Figure 4. Inhibiting Shh pathway suppresses epileptogenesis in mouse epilepsy models.

• A–L
  Effects of Cyclo (A–C, n = 14), 5E1 (D–F, n = 16–20), or ablation of Smo in CaMKIIα‐positive neurons (G–I), or ablation of Smo in Aldh1l1‐positive astrocytes (J–L) on the progression of kindling including seizure class (A, D, G, J), evoked electrographic seizure duration (ESD) (B, E, H, K), and the number of stimulations required to reach equivalent seizure intensity (C, F, I, L).

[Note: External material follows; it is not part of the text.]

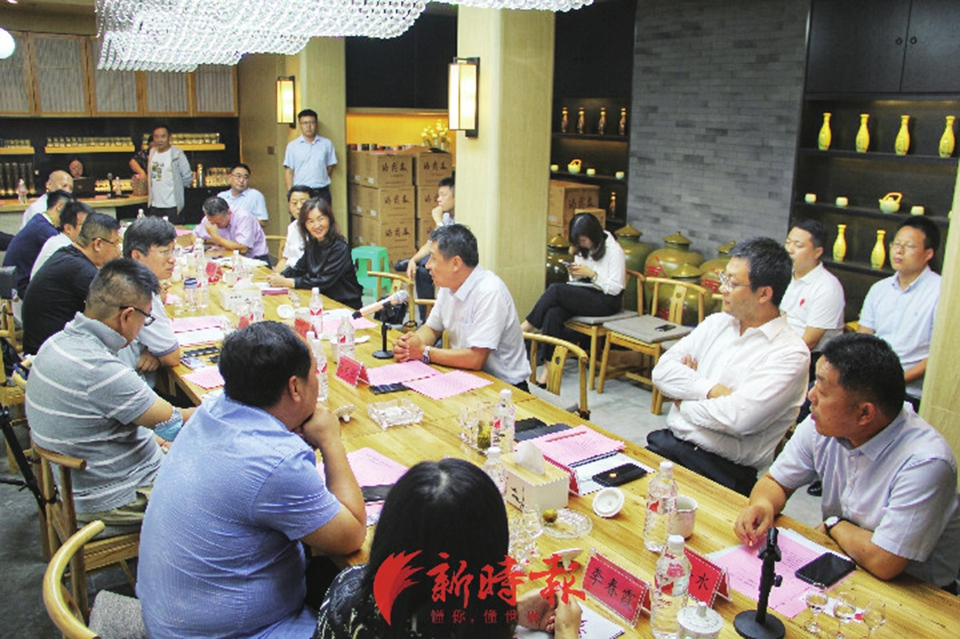 “影响济南”经济人物第三场沙龙分享会举行:畅聊科技赋能 描绘“科创济南”蓝图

In (A–F), Ctrl are vehicle‐treated mice. In (G–I), Ctrl: Smo ^fl/fl induced by tamoxifen; CaMK: Smo ^fl/fl CaMKIIα‐Cre ^ERT2 induced by tamoxifen, n = 14‐20. In (J–L), Ctrl: Smo ^+/fl; Aldh1l1: Smo ^+/fl Aldh1l1‐Cre, n = 19–20.
• M
  Frequency of spontaneous seizures (class 4–5) in mice administrated with Cyclo or vehicle (Ctrl) at 4^th, 6^th, and 8^th week after pilocarpine SE induction. n = 22–23.
• N
  Percentage of mice with class 5 seizures within 8 weeks after pilocarpine SE induction. n = 22–23.
• O
  Schematic diagram depicting a working model for Shh regulation of epileptogenesis. Epileptic activity triggers sequential responses, including Shh release, inhibition of glutamate transporter activity, and increase in extracellular glutamate, leading to epilepsy development.

Data information: Cyclo: 10 mg/kg. 5E1: 900 ng/mouse. Data are mean ± SEM from at least three independent experiments. *P < 0.05; **P < 0.01; ***P < 0.001 vs. Ctrl with Student's t‐test.